__Work order__
Each entry in this listing needs to be written out again, word for word.

☆ ☆ ☆

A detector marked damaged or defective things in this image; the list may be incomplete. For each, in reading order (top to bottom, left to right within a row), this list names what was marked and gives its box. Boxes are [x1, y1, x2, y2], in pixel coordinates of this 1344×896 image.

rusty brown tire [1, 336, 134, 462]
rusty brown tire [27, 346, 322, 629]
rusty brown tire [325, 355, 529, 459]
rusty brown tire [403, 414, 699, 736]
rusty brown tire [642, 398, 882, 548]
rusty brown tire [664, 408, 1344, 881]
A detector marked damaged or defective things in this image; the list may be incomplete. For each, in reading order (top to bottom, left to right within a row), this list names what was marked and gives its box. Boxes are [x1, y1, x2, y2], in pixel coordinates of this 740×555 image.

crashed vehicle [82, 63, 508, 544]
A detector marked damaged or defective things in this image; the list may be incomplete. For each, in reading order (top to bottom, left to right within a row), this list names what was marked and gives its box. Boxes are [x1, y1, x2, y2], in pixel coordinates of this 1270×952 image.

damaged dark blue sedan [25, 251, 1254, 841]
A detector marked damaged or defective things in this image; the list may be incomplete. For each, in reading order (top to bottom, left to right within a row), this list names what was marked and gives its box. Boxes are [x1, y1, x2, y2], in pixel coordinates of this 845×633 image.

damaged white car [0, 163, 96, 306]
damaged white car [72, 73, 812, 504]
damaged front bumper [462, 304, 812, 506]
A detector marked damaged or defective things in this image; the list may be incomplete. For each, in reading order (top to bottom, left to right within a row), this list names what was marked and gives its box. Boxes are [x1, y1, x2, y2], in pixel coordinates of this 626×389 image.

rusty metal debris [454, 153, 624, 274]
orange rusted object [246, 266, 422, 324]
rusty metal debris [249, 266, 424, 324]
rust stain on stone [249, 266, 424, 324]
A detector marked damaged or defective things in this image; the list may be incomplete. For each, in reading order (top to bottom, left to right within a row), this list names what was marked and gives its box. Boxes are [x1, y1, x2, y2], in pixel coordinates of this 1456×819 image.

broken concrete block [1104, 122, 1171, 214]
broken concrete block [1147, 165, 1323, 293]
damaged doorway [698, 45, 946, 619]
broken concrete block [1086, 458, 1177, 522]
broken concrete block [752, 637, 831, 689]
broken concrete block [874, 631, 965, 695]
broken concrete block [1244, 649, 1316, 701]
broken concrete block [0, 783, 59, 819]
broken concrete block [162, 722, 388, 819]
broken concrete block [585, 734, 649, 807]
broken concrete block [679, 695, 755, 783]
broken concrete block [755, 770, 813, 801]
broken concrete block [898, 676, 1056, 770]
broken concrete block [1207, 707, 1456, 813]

☆ ☆ ☆

__Answer for the task__
A detector marked damaged or defective things in this image; the list may be incomplete. For each, in reading order (top to bottom, left to right within a row), this list names what was marked and gives its box. Boxes are [x1, y1, x2, y2], in pixel coordinates of this 1344×896 image.

rusty brown tire [1, 336, 134, 462]
rusty brown tire [27, 346, 322, 629]
rusty brown tire [325, 355, 529, 459]
rusty brown tire [403, 414, 699, 736]
rusty brown tire [642, 398, 882, 548]
rusty brown tire [664, 408, 1344, 881]
A detector marked damaged or defective things in this image; the list may be incomplete. For each, in reading order (top to bottom, left to right within a row), this list names what was marked and gives its box. Boxes are [x1, y1, x2, y2], in pixel coordinates of this 740×555 image.

crashed vehicle [82, 63, 508, 544]
A detector marked damaged or defective things in this image; the list may be incomplete. For each, in reading order (top to bottom, left to right within a row), this list names what was marked and gives its box. Boxes are [x1, y1, x2, y2], in pixel coordinates of this 1270×952 image.

damaged dark blue sedan [25, 251, 1254, 841]
A detector marked damaged or defective things in this image; the list may be incomplete. For each, in reading order (top to bottom, left to right within a row), this list names what was marked and gives its box. Boxes are [x1, y1, x2, y2], in pixel coordinates of this 845×633 image.

damaged white car [0, 163, 96, 306]
damaged white car [72, 73, 812, 504]
damaged front bumper [462, 304, 812, 506]
A detector marked damaged or defective things in this image; the list may be incomplete. For each, in reading order (top to bottom, left to right within a row), this list names what was marked and gives its box. Boxes are [x1, y1, x2, y2], in pixel coordinates of this 626×389 image.

rusty metal debris [454, 153, 624, 274]
orange rusted object [246, 266, 422, 324]
rusty metal debris [249, 266, 424, 324]
rust stain on stone [249, 266, 424, 324]
A detector marked damaged or defective things in this image; the list may be incomplete. For each, in reading order (top to bottom, left to right within a row), this list names what was marked and gives its box. Boxes are [x1, y1, x2, y2], in pixel coordinates of this 1456×819 image.

broken concrete block [1104, 122, 1171, 214]
broken concrete block [1147, 165, 1323, 293]
damaged doorway [698, 45, 946, 619]
broken concrete block [1086, 458, 1177, 522]
broken concrete block [752, 637, 831, 689]
broken concrete block [874, 631, 965, 695]
broken concrete block [1244, 649, 1316, 701]
broken concrete block [0, 783, 59, 819]
broken concrete block [162, 722, 388, 819]
broken concrete block [585, 734, 649, 807]
broken concrete block [679, 695, 755, 783]
broken concrete block [755, 770, 813, 801]
broken concrete block [898, 676, 1056, 770]
broken concrete block [1207, 707, 1456, 813]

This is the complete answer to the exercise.